### Work instruction
Everything from the line that holds "Коттедж 490 м²" through the end of the records below is to be transcribed exactly, except the pictures.

### Data listing
::::::::

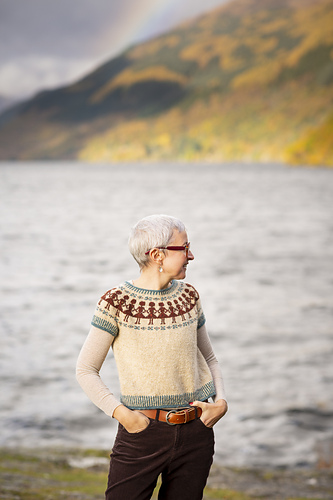 Papirdukker - Kate Davies Designs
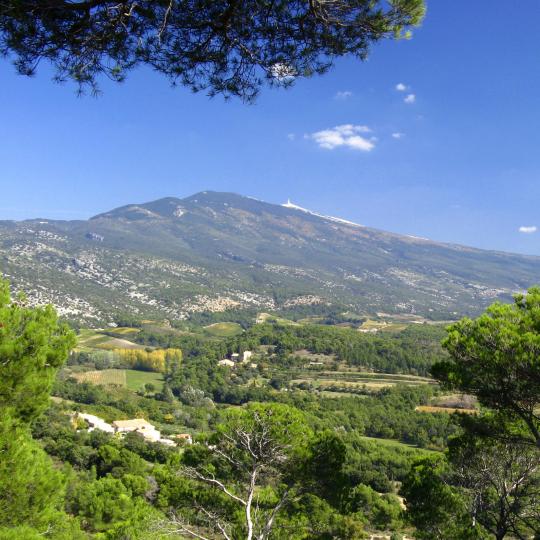 Monte Ventoux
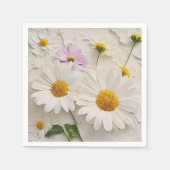 Kalorien und Kosmos auf Papier, in Schwierigkeiten Serviette (Vorderseite)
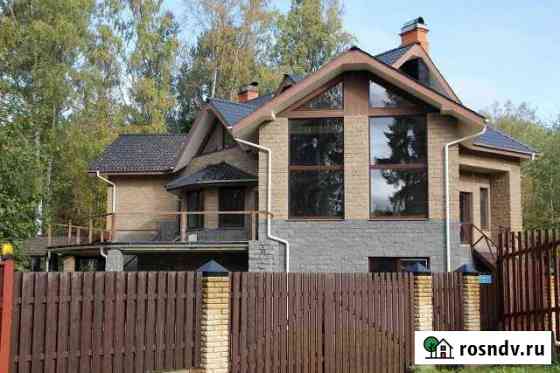 Коттедж 490 м² на участке 19 сот. на продажу в Санкт-Петербурге Санкт-Петербург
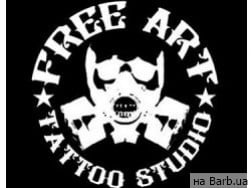 Free Art Tattoo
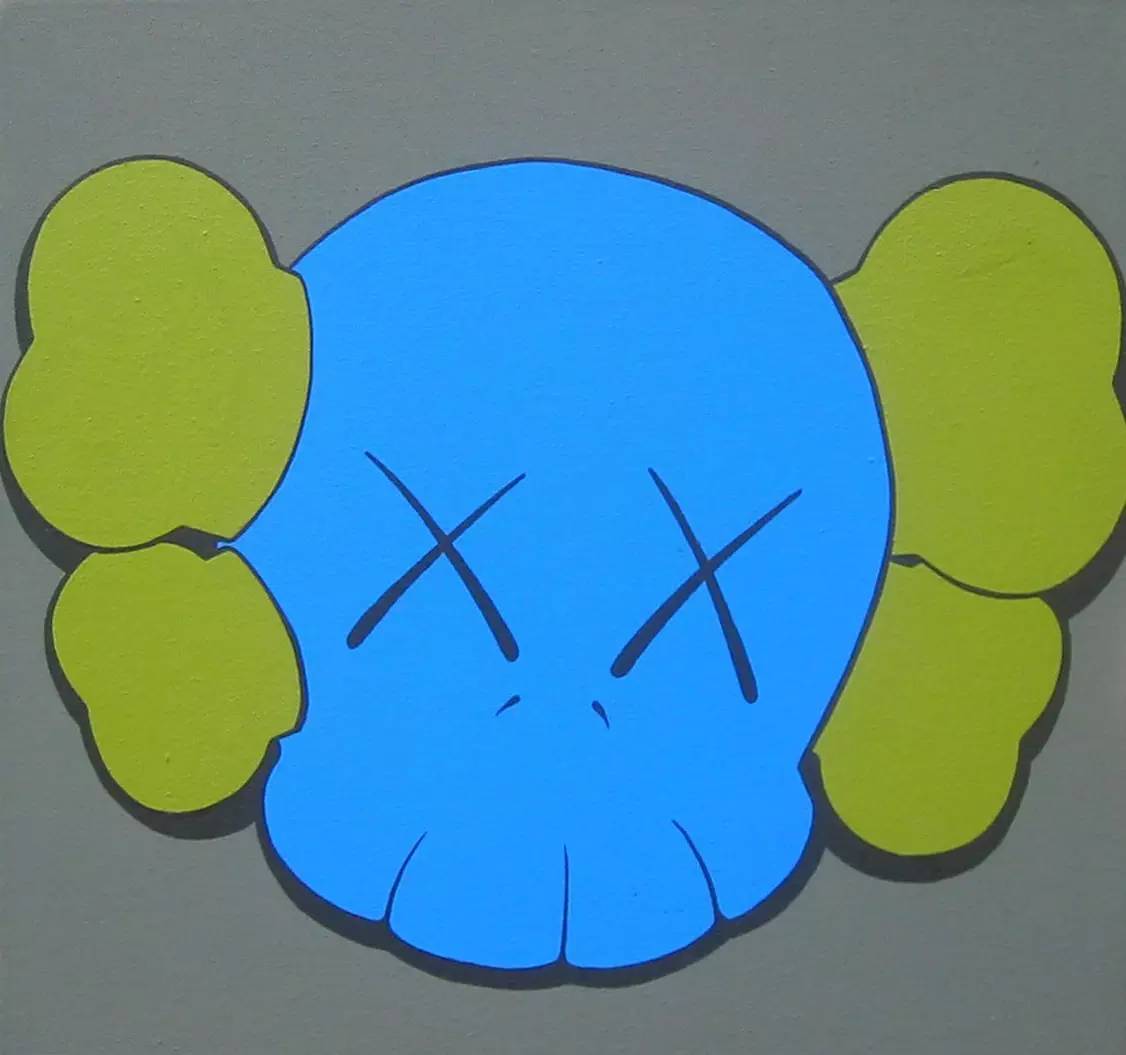 他是潮流界大神，“XX”卖到百万，作品火遍全球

::::::::

### Answer for this exercise
 Коттедж 490 м² на участке 19 сот. на продажу в Санкт-Петербурге Санкт-Петербург
 Free Art Tattoo
 他是潮流界大神，“XX”卖到百万，作品火遍全球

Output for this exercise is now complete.